Phoenix suddenly led, 110–109, with just five seconds left, and the team looked poised to win their third straight game and grab a 3-to-2 edge in the series. John Havlicek (already of "Havlicek Stole the Ball" fame) responded with a drive and a leaning one-hander in traffic, that he banked in off the glass (his first basket since the first quarter), putting Boston in front 111–110 as the horn sounded. The fans then poured onto the court to celebrate Boston's apparent victory. The Celtics returned to their locker room. According to CBS guest analyst and Golden State Warriors forward Rick Barry, the ball went through the hoop with two seconds left and the clock should have been stopped. The officials apparently felt the same, and ordered the Celtics back onto the floor, continuing the game.

During the ensuing pandemonium, a fan attacked referee Richie Powers and other fans turned over one of the scorer's tables.
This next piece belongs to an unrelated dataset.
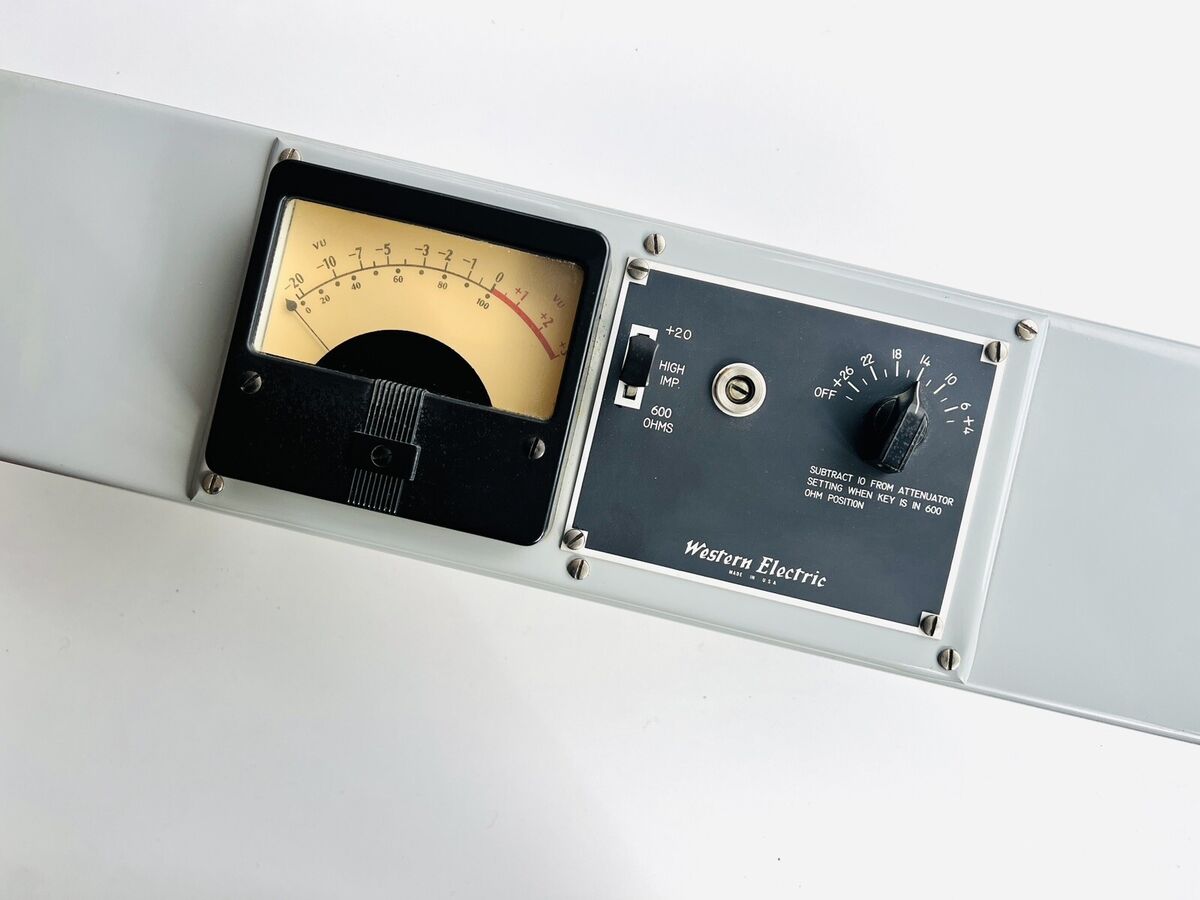 Vintage Western Electric 754B Tube Amp Audio Meter VU + Vintage Western Electric 754B Tube Amp Audio Meter VU +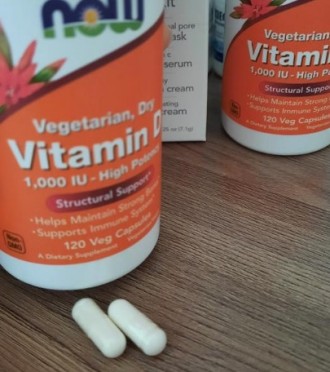Vegetarian, Dry Vitamin D 1000 IU от NOW – витамин D2, или эргокальциферол, пред. . фото 5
After clearing the court (the fan who attacked Powers was arrested and the fans who overturned the scorer's table were ejected) and getting the Celtics back on the floor, the officials put one second back on the clock. Still, Phoenix's chances seemed slim, as they had the ball under their own basket with a second left. Then Paul Westphal of the Suns signaled for a time out that the Suns did not have. Although this resulted in a technical foul being called on Westphal, the play was critical for Phoenix, because the rules at the time gave Phoenix the same advantage (save for the technical foul shot) that they would have had with timeouts remaining to use; namely, possession of the ball at half court. Boston's Jo Jo White made the technical free throw, increasing Boston's lead to 112–110.
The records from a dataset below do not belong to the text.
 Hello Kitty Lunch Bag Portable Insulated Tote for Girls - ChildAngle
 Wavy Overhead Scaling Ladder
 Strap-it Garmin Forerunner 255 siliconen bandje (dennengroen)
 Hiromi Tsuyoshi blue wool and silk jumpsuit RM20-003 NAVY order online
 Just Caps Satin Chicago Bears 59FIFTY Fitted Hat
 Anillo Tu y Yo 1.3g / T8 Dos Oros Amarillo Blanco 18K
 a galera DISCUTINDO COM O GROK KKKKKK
During the timeout, fans were still on the Boston Garden floor, even disturbing the Suns' huddle by their bench as coach John MacLeod was drawing up a play for a possible tying basket. The Suns' players repeatedly had to shove the fans out of the way, and Phoenix general manager Jerry Colangelo even threatened to not bring his team back to the Boston Garden for Game 7 if security couldn't maintain control. When play resumed, Phoenix's Gar Heard took the inbounds pass from Perry and made a buzzer-beating shot (a turn-around jumper at the top of the key) for the Suns that tied the score yet again, 112–112.

Boston eventually took a six-point lead, 128–122, late in the third overtime, as Glenn McDonald, a little-used Celtic reserve player, chipped in half a dozen. Westphal then scored the next four points for Phoenix (as part of a brilliant performance that featured several leaping, spinning, acrobatic bank shots) cutting the gap to 128–126, but he could not get the ball again; (although he very nearly did – almost stealing a pass near half court as the third overtime wound down).
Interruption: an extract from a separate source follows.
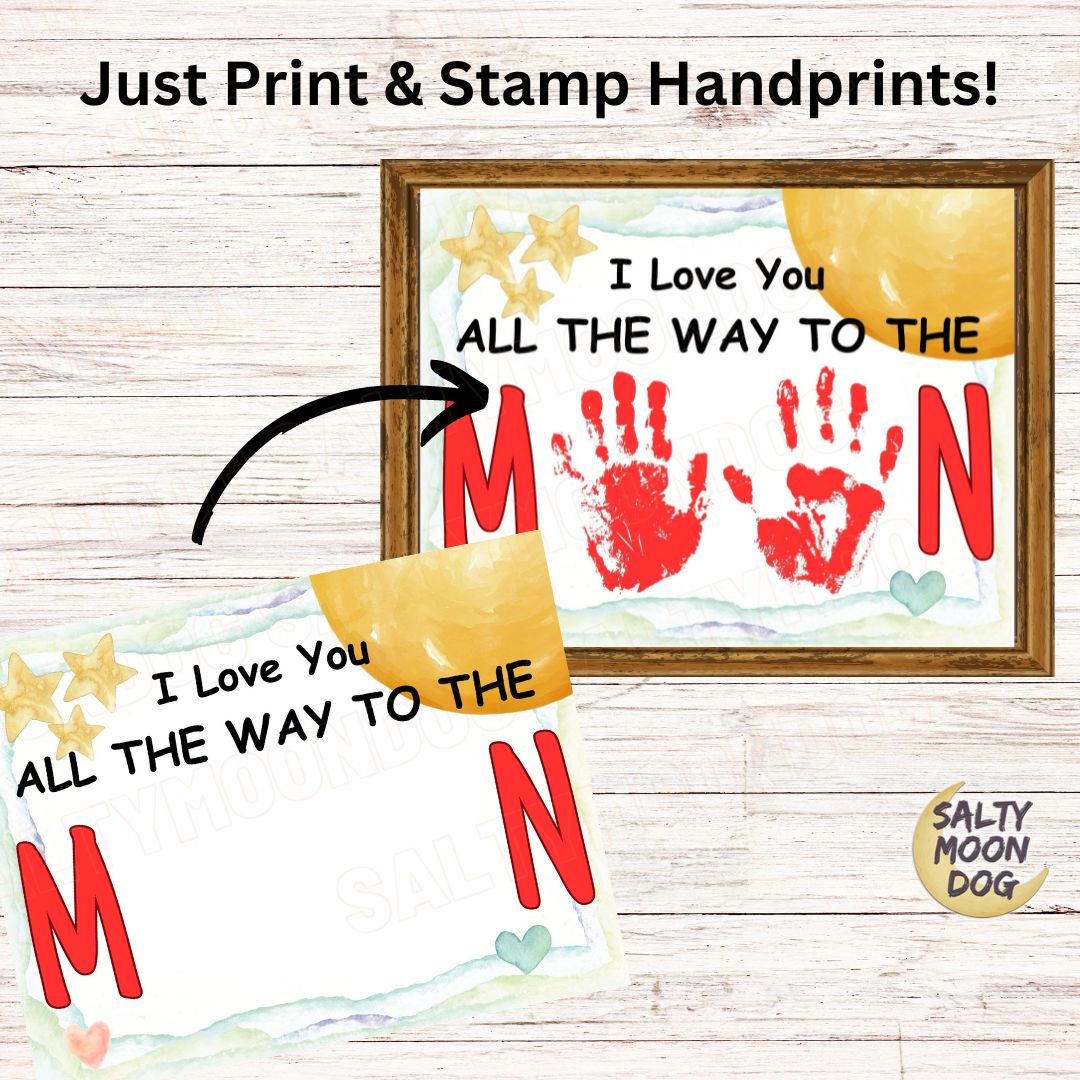 Handprint Art Mom or Dad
Celtics who fouled out (were disqualified due to six personal fouls) were Charlie Scott in the last minute of regulation, Dave Cowens with one minute left in the second overtime, and Paul Silas in the third overtime. Alvan Adams and Dennis Awtrey both fouled out for the Suns. Silas picked up his fifth foul late in the fourth quarter but did not foul out until there was 3:23 remaining in the third overtime.

The Suns had the lead in the game on only five occasions and never led by more than two points. They held a lead of 95–94 late in the fourth quarter, held leads of 106–105 and 110–109 in the second overtime, and held leads of 116–114 and 118–116 in the third overtime.

Glenn McDonald scored eight points in the game, all in overtime. Jo Jo White led all scorers with 33 points.

===Game 6===
After the tough Game 5 loss, the Suns were more defiant heading home to Phoenix. "We know we're going to beat them." Gar Heard declared. "It's going to take seven now, but we know we're going to beat them. We showed we came to play."

The first half was a defensive struggle. Tied after the first quarter at 20 points each, Boston scored 18 in the second quarter while holding the Suns to 13. Suns reserve Keith Erickson attempted to play at the start of the second quarter but reinjured his sprained ankle and never returned. After falling behind by 11, Phoenix caught up again in the third and took a 67–66 lead on a Ricky Sobers free throw with 7:25 left in the game.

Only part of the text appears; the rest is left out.